Sometimes these bonding moments happen with the crew and fellow filmmakers. On the last night of a shoot in Iceland, our little crew jumped into the Arctic Ocean and let out our best Viking roars. On the outskirts of Havana, my producer and dear friend Sarah Anthony and I found ourselves in a little dive bar drinking mojitos and dancing with locals. On one trip to India, we got there only to discover our visas had just expired. So, we jettisoned to Kathmandu and climbed the stairs up to the Monkey Temple while we waited for the new ones to process. In Rajasthan, we climbed the oldest mountain range on Earth (or so we’d been told) to watch the sunrise over the valley below.
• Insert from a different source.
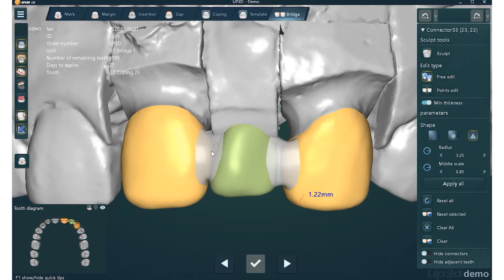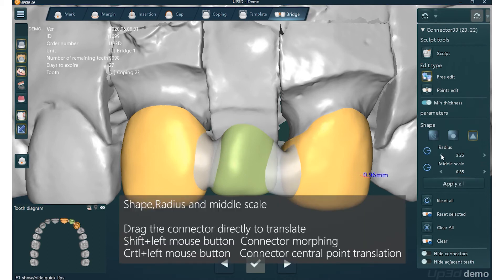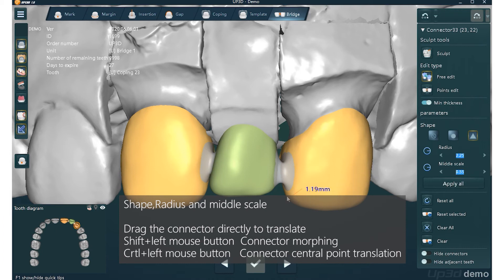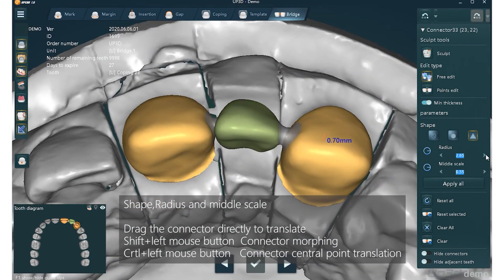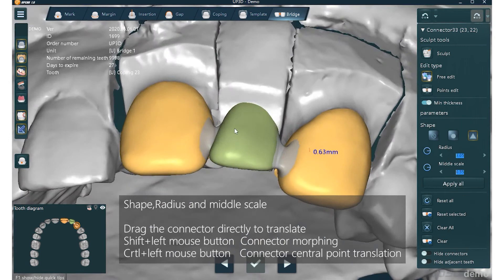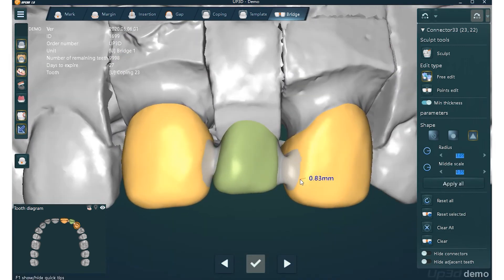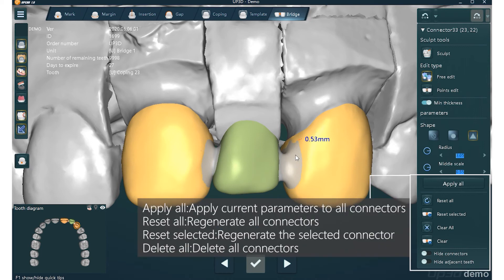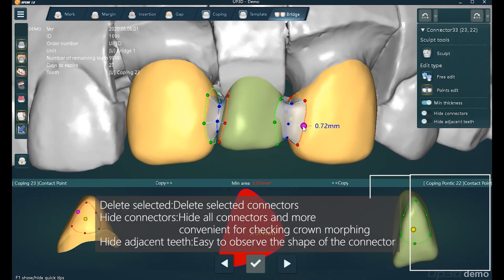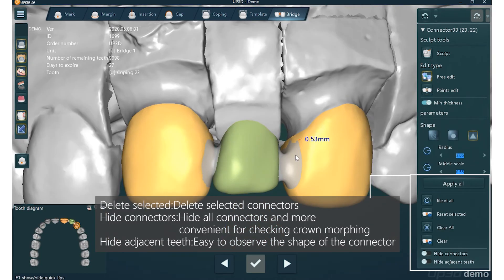Connector Free Edit means adjusting the connector roughly. The shape, size, and scaling of the connector can be changed according to the crown shape. The adjusted connector changes in real time. Drag the connector directly to translate. Use Shift and left mouse button for connector morphing. Use Ctrl and left mouse button for connector central point translation. Note: you can delete the connector when two crowns have collided, and please don't make the connector too low to hit the margin area of the crown.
Back in Mississippi, I played bingo on Oscar Sunday with Morgan Freeman. He gifted me a scented candle.
There are countless more stories like this. Many of which don’t necessarily seem wild enough to print, but nonetheless have left an indelible mark on my life. Seemingly innocuous moments that have shown me the power of the human spirit, the depths of love humans can have for one another and that at our core, we all want the same things.
It’s easy to get caught up in the chaos of it all, or in the stresses of meeting impossible deadlines on tight budgets with understaffed crews working far too many hours for not nearly enough money. I’ve learned that in making documentaries, you have to expect the unexpected at every stage of the process. To plan for the things you can’t see coming. But at the end of the day, I’m incredibly grateful to have the privilege of doing this job and sharing these stories. When things get hard, I sometimes have to take a step back and remind myself of that … remind myself that these myriad experiences have shaped my perspective for the better.
It probably sounds a little corny, but they’ve made me appreciate all the little “nothing” moments in my own life with my own family. As I reminisce on my childhood, I can appreciate my mom reading to me every night before bed, and the ritual of my dad saying, “I love you from here to here and all the way around to here,” as he enveloped me in his arms. A random car ride to who- knows-where with my grandpa. Darting through traffic with my now-wife on the day we met to buy wine and cheese from a gas station during the intermission of Wicked in London. And all the many little moments with our two-year-old, Hank. Blowing up balloons, skating around town, catching him as he jumps fearlessly in the pool. The “big” moments are there too, but I’m glad I can appreciate the little ones in between, all the same.
All images courtesy Derek Doneen.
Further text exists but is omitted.